The paper addresses the vulnerability of deep neural networks to adversarial examples by proposing JPEG compression as a pragmatic, model-agnostic pre-processing defense. It demonstrates that selectively removing high-frequency perturbations via JPEG, together with training on compressed images (vaccination) and an ensemble of models across compression levels, can substantially reduce adversarial success rates on CIFAR-10 and GTSRB. Key contributions include a systematic analysis of JPEG quality effects, Vaccination through JPEG-trained models, and a fortified ensemble approach that maintains robustness against multiple attack types without requiring model-specific knowledge. The work offers a practical defense that leverages standard image compression techniques for real-world adversarial protection, with plans to extend evaluations to additional attacks and datasets.

Abstract

Deep neural networks (DNNs) have achieved great success in solving a variety of machine learning (ML) problems, especially in the domain of image recognition. However, recent research showed that DNNs can be highly vulnerable to adversarially generated instances, which look seemingly normal to human observers, but completely confuse DNNs. These adversarial samples are crafted by adding small perturbations to normal, benign images. Such perturbations, while imperceptible to the human eye, are picked up by DNNs and cause them to misclassify the manipulated instances with high confidence.

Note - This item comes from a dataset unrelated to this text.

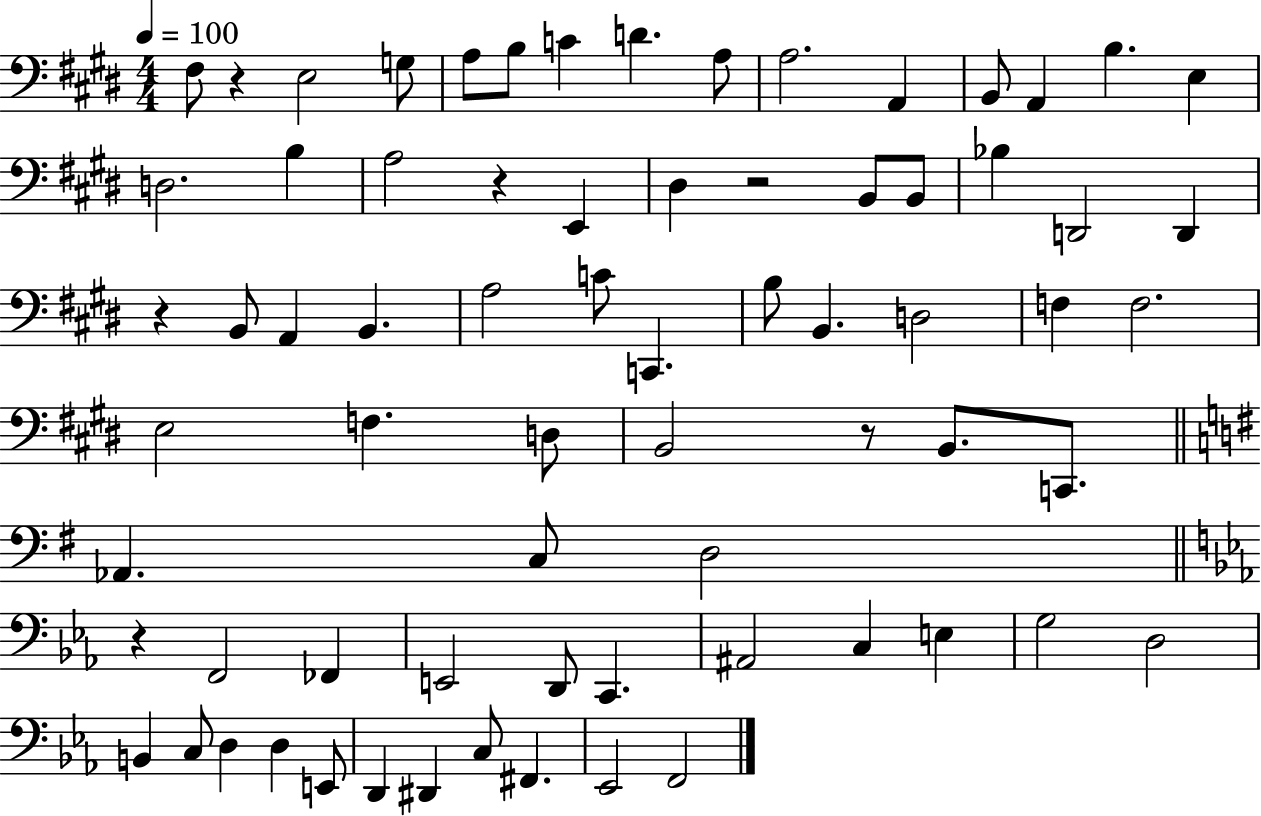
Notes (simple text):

F#3/e R/q E3/h G3/e A3/e B3/e C4/q D4/q. A3/e A3/h. A2/q B2/e A2/q B3/q. E3/q D3/h. B3/q A3/h R/q E2/q D#3/q R/h B2/e B2/e Bb3/q D2/h D2/q R/q B2/e A2/q B2/q. A3/h C4/e C2/q. B3/e B2/q. D3/h F3/q F3/h. E3/h F3/q. D3/e B2/h R/e B2/e. C2/e. Ab2/q. C3/e D3/h R/q F2/h FES2/q E2/h D2/e C2/q. A#2/h C3/q E3/q G3/h D3/h B2/q C3/e D3/q D3/q E2/e D2/q D#2/q C3/e F#2/q. Eb2/h F2/h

In this work, we explore and demonstrate how systematic JPEG compression can work as an effective pre-processing step in the classification pipeline to counter adversarial attacks and dramatically reduce their effects (e.g., Fast Gradient Sign Method, DeepFool). An important component of JPEG compression is its ability to remove high frequency signal components, inside square blocks of an image. Such an operation is equivalent to selective blurring of the image, helping remove additive perturbations. Further, we propose an ensemble-based technique that can be constructed quickly from a given well-performing DNN, and empirically show how such an ensemble that leverages JPEG compression can protect a model from multiple types of adversarial attacks, without requiring knowledge about the model.

Paper Structure

This paper contains 12 sections, 1 equation, 5 figures, 1 table.

Figures (5)

  • Figure 1: A comparison of the classification results of an exemplar image from the German Traffic Sign Recognition Benchmark (GTSRB) dataset. A benign image (left) is originally classified as a stop sign, but after the addition of an adversarial perturbation to the image (middle) the resulting image is classified as a max speed 100 sign. Using JPEG compression on the adversarial image (right), we recover the original classification of stop sign.
  • Figure 2: Applying JPEG compression (dashed lines with symbols) can counter FGSM and DeepFool attacks on the CIFAR-10 and GTSRB datasets, e.g., slightly compressing CIFAR-10 images dramatically lowers DeepFool's attack success rate, indicated by the steep orange line (left plot). $\Phi$ means no compression has been applied. Attacks can be further suppressed by "vaccinating" a DNN model by training it with compressed images, and using an ensemble of such models -- our approach, discussed in Section \ref{['sec:our-approach']}, rectifies a great majority of misclassification (indicated by the horizontal dashed lines).
  • Figure 3: Classification accuracies of each vaccinated model on the CIFAR-10 test set that has been compressed to a particular image quality. Each cluster of bars represents the model performances when tested with images having the corresponding image quality as indicated on the vertical axis. Within each cluster, each bar represents a vaccinated model. Vertical red lines denote the accuracy of the original, non-vaccinated model for that image quality.
  • Figure 4: Performance of the vaccinated models on adversarially constructed test sets. Each line with a symbol represents a vaccinated model and the black horizontal dotted line represents the accuracy of the original model under attack. These results demonstrate that re-training with JPEG compressed images can help recover from an adversarial attack.
  • Figure 5: Accuracies of all models under consideration when each model is individually attacked. The attack does get transferred to other models but is mitigated with increasing JPEG compression.